Contrary to an earlier speculation by lawyers quoted by the New York Times' the DealBook, the former SAC Capital Partners portfolio manager Mathew Martoma was found guilty on Thursday for engaging in insider trading. Prosecutors have said that Martoma participated in what was deemed to be the most profitable insider trading scheme in the US. Martoma will be serving up to 45 years in jail.
Reuters said Martoma was found guilty of all three securities fraud and conspiracy charges by a federal jury in Manhattan. The particular scheme allowed SAC Capital to avoid losses on a $700 million investment in two pharmaceutical firms and gained $275 million in the process. The news agency noted that Martoma's guilty verdict would be the eight insider trading conviction of a former or current employee of the hedge fund run by billionaire Steven A. Cohen.
Martoma and his wife and his defense team was seen walking away from the courthouse stone-faced as photographers took pictures. Martoma's camp refused to answer questions of news reporters who were on the scene, Reuters said. Martoma's lawyer, Richard Strassberg, released a statement through a spokesman, "We are very disappointed and we plan to appeal."
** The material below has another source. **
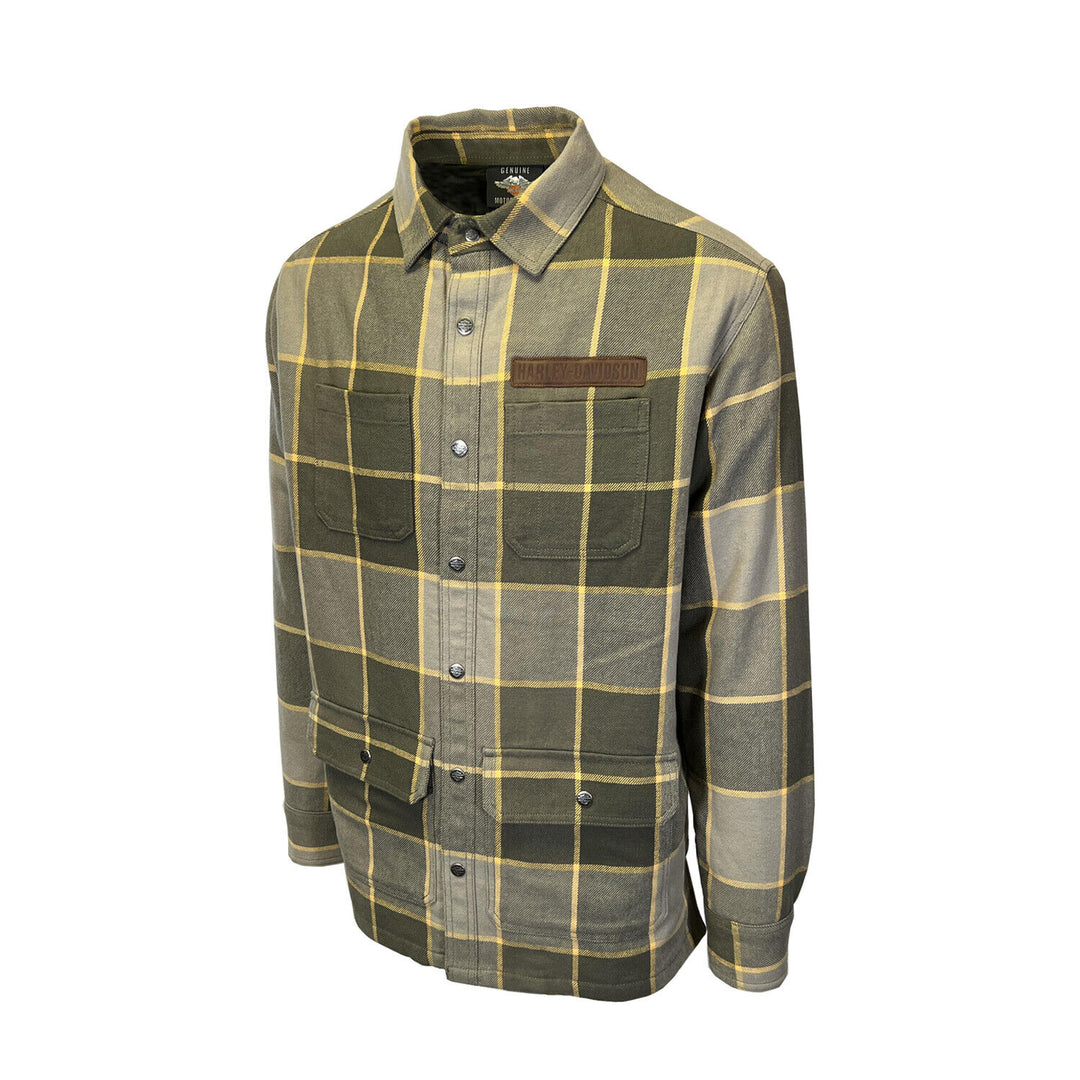 HD Branded Men's Plaid Shirt Jacket Vintage Yarn Dyed L/S Shacket (S72)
In a statement, US Attorney Preet Bharara said, "In the short run, cheating may have been profitable for Martoma, but in the end, it made him a convicted felon, and likely will result in the forfeiture of his illegal windfall and the loss of his liberty."
Reuters said the latest conviction signaled the continuing winning streak of US prosecutors in New York, as they go for guilty pleas or verdicts against 79 Wall Street professionals since October 2009 as part of their efforts to crack down insider trading. It also, albeit small, but significant victory as federal prosecutors attempt to chip away Cohen's empire. Although Cohen was not charged with a crime has fervently denied any wrongdoing, the course of Martoma's trial revealed information that Cohen might have a hand in the firm's insider trading practices. Prosecutors claimed during the trial that the Martoma traded using accounts controlled by the hedge fund manager, and that the former had a 20-minute phone conversation with Cohen after receiving confidential information to be used in illegal trades, Reuters noted.